Subiektywny przewodnik po Londynie



Londyn to jedno z moich ulubionych miast. Wielokrotnie tam bywałam i mam nadzieję, że nadal będę miała taką możliwość. Londyn zachwyca połączeniem staromodnego uroku i nowoczesnej zadziorności – nowoczesne biurowce o ciekawych kształtach sąsiadują ze starymi kościołami i wiktoriańskimi zabytkami. Fajne jest to (szczególnie o tej porze roku), że tam wiosna zawsze wita znacznie wcześniej niż u nas. Mówią, że w Londynie (a właściwie ogólnie w Anglii) ciągle pada – nie do końca to prawda, a może po prostu zawsze miałam szczęście – zawsze z Anglii przywożę fikuśne parasolki, ale rzadko kiedy miałam je tam okazje rozkładać. No i nie mogę pominąć najważniejszego dla takiej zakupoholiczki jak ja – okazje cenowe czekają praktycznie w każdym sklepie;-)



To miasto warto odwiedzić właściwie o każdej porze roku, choć dla mnie najładniejsza jest tam wiosna właśnie, może dlatego zaczynam od subiektywnego przewodnika po Londynie  - może i u nas w końcu przyjdzie wiosna;-). 




Bilety lotnicze (tanich linii lotniczych choć zdarzyło mi się podróżować tam i LOT-em, bo mieli dobrą promocję) nie są takie drogie, szczególnie jeżeli kupi się je odpowiednio wcześniej, więc warto wybrać się tam choćby na weekend. Lotniska tanich linii lotniczych są poza miastem, ale nie ma problemu z dojazdem do centrum, z reguły przed terminalem są autobusy.

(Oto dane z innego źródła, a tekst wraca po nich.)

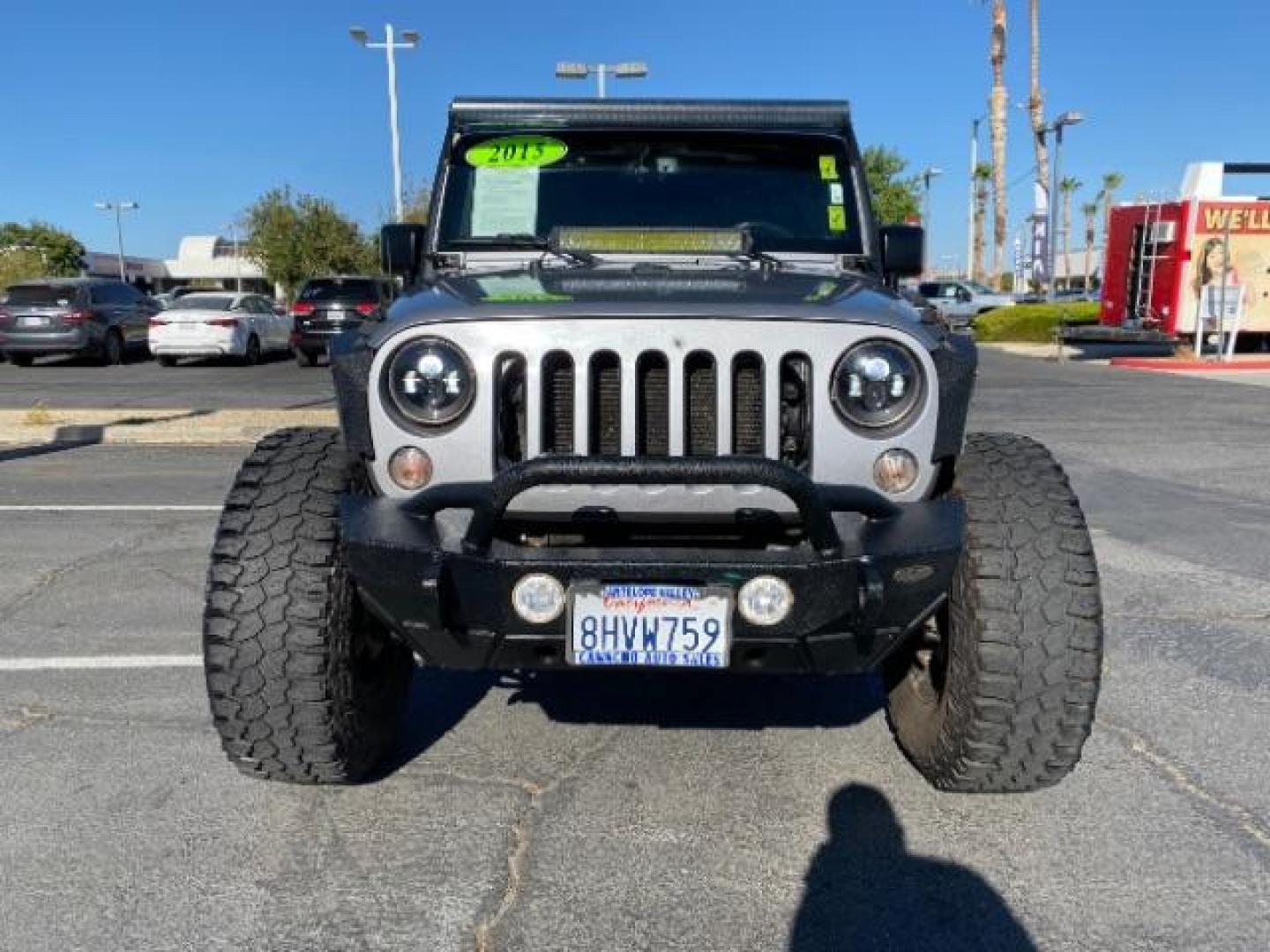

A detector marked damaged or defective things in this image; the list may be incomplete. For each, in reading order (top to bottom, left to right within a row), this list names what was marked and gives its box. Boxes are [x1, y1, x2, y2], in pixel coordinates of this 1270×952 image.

Poniżej przedstawiam kilka ogólnych wskazówek dotyczących zwiedzania i poruszania się po Londynie, jak również propozycje moich ulubionych tras i miejsc w tym mieście;-) Dla tych, którzy spędzą więcej czasu w Londynie, mam też propozycje kilku wyjazdów poza miasto.



WSKAZÓWKI OGÓLNE:



W centrum właściwie wszędzie są porozstawiane mapki okolicy więc łatwo zorientować się w terenie. Metro jeździ często i prawie wszędzie, ale słuchajcie ogłoszeń – często stacje są zamykane z powodu remontu, szczególnie w weekendy, zdarzają się też opóźnienia, bo np. inny pociąg blokuje przejazd, czasami warto wtedy przesiąść się na następnej stacji do innego pociągu. Warto kupić bilet 1 lub 3 dniowy lub dłuższy– wtedy przejazdy wychodzą taniej. Pass do metra jest ważny też na autobusy – w ramach atrakcji koniecznie choć raz przejedzcie się na górnym pokładzie doubledeckera;-).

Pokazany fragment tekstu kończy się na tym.